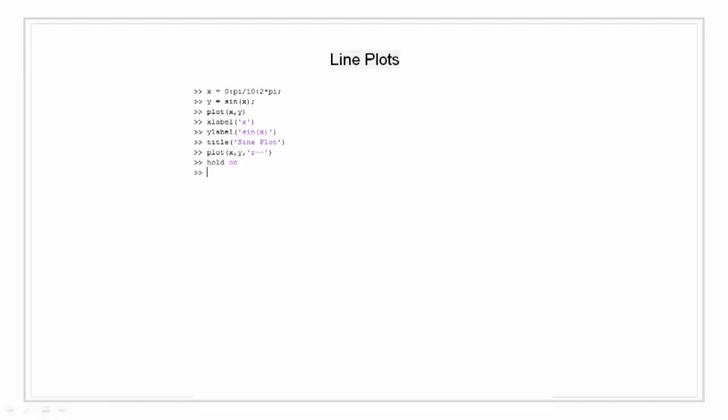We can add multiple plots into a single plot by using a command called hold on. By using hold on I am going to define another array z as the cosine of x.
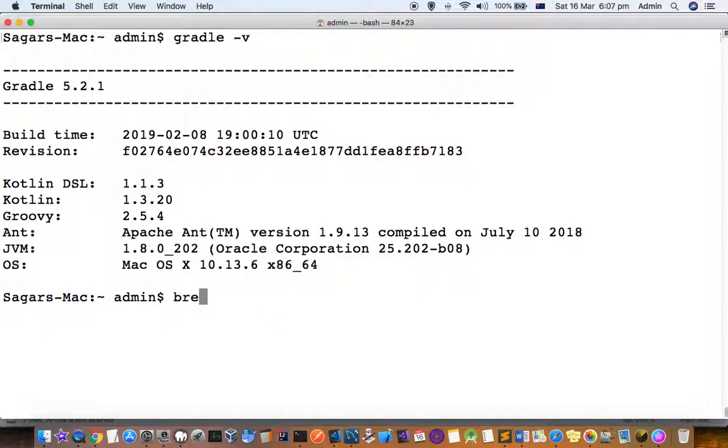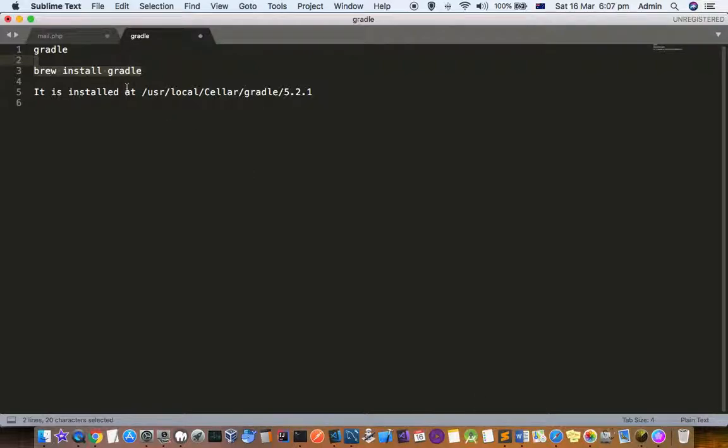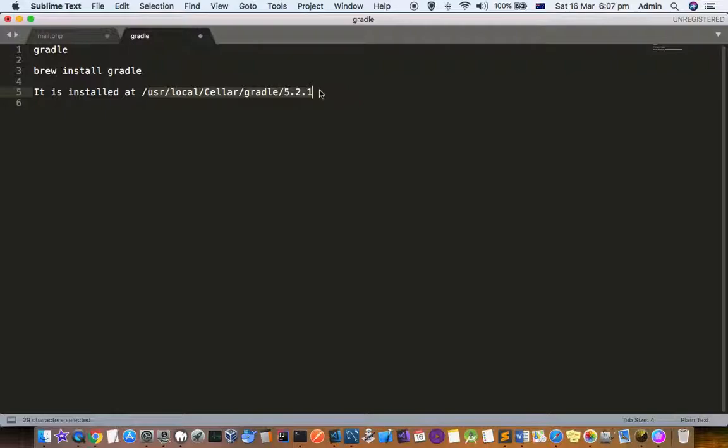brew install gradle. That's it. It will be installed in your Mac system, and by default it's installed at /usr/local/Cellar/gradle/[version].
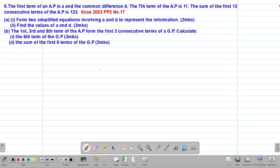Hello my precious friends, I really hope that you are doing great. Welcome to today's class. It's our 14th lesson on a Form 3 mathematics topic called sequences and series. We are looking at our 9th example on geometric progression, which is a past KCSE question tested in 2023, paper 2, question number 17.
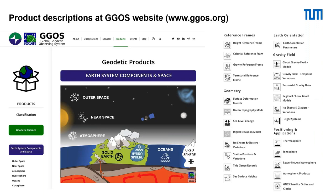I have just one slide related to the product descriptions at the GIGOS website. The geodetic products are classified in geodetic themes and in Earth system components. The Earth system components and space are considered as the entrance primarily for non-geodesists who are not so familiar with all the special geodetic expressions. On the right-hand side of this figure, you see the products currently provided at the GIGOS website, classified according to the geodetic themes: reference frames, geometry, Earth orientation, gravity field, and positioning and applications.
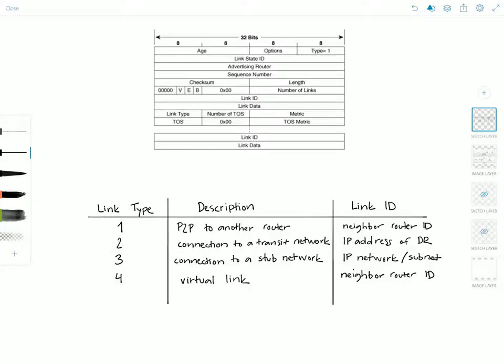Hello everyone and welcome to Network Playroom. In this video we're going to look at the LSA type number one, or the router LSA, in detail.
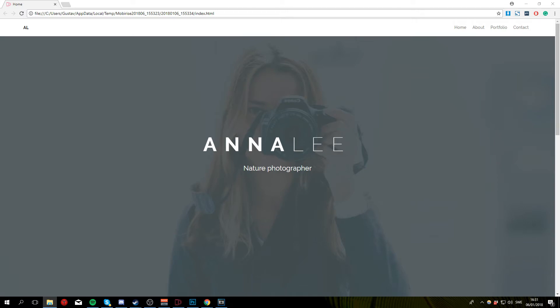What is up guys and welcome to this MobyRise tutorial in which I'm going to show you how to create a basic portfolio website. This website is going to be great for photographers and other people in need of a portfolio to display their work.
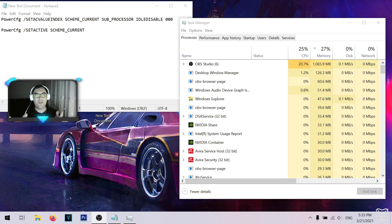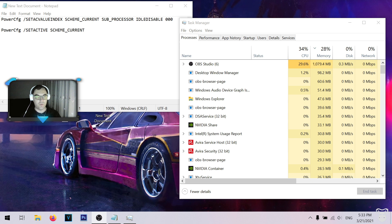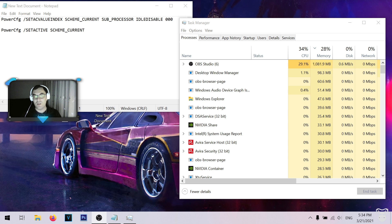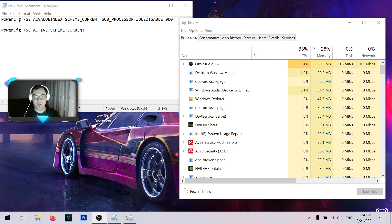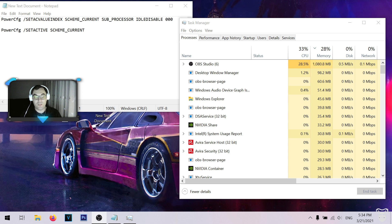Hello everyone and welcome to a brand new video on this channel. Today it's going to be something different — I'm not going to post any gaming video or any reaction video. This time I'm going to show you a quick tip and a piece of two-line code that actually transformed my PC quite dramatically.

━━━━━━━━━━━━━━━━━━━━

_Your objective:_ Only one thing is required: an exact printout of the lines from the line containing "Hello everyone and welcome to Network" through the last line of the records, pictures excluded.

_Exercise solution:_
Hello everyone and welcome to Network Playroom. In this video we're going to look at the LSA type number one, or the router LSA, in detail.
What is up guys and welcome to this MobyRise tutorial in which I'm going to show you how to create a basic portfolio website. This website is going to be great for photographers and other people in need of a portfolio to display their work.
Hello everyone and welcome to a brand new video on this channel. Today it's going to be something different — I'm not going to post any gaming video or any reaction video. This time I'm going to show you a quick tip and a piece of two-line code that actually transformed my PC quite dramatically.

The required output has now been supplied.